Assad’s fall is an opportunity to rid Syria of chemical weapons

Diplomatic sources said on Monday that the fall of Syria’s Bashar al-Assad provides an opportunity for the country to rid itself of banned weapons, having been found to have used chemical weapons against its own people on several occasions during the civil war.

The Organization for the Prohibition of Chemical Weapons (OPCW) said it was monitoring the situation in Syria by paying “special attention” to chemical weapons-related sites and had urged Syria through its embassy to declare and destroy all prohibited chemicals. Constantly reminded of responsibility.
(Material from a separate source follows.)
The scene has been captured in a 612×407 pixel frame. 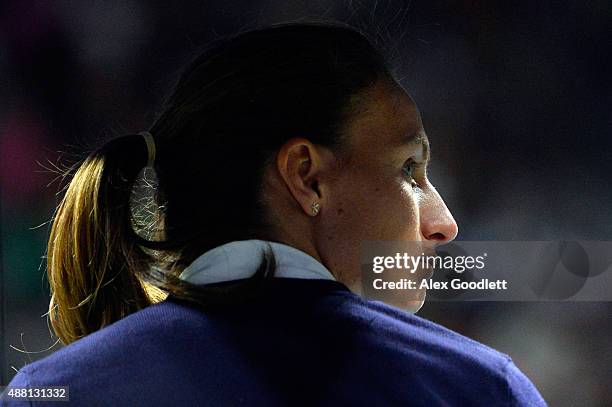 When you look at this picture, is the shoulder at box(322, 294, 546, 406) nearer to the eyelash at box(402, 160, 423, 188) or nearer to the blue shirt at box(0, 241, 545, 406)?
the blue shirt at box(0, 241, 545, 406)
Weapon.

It said an OPCW team has spent more than a decade trying to clarify what types of chemical weapons Syria still possesses, but has made little progress due to obstruction by the Assad government.

“To date, this work continues, and the declaration of Syria’s chemical weapons program cannot yet be considered accurate and complete,” the OPCW statement said.

A diplomatic source said that Assad’s government “has been playing a cat-and-mouse game with us for years” and “we are convinced that they still have a program going on.”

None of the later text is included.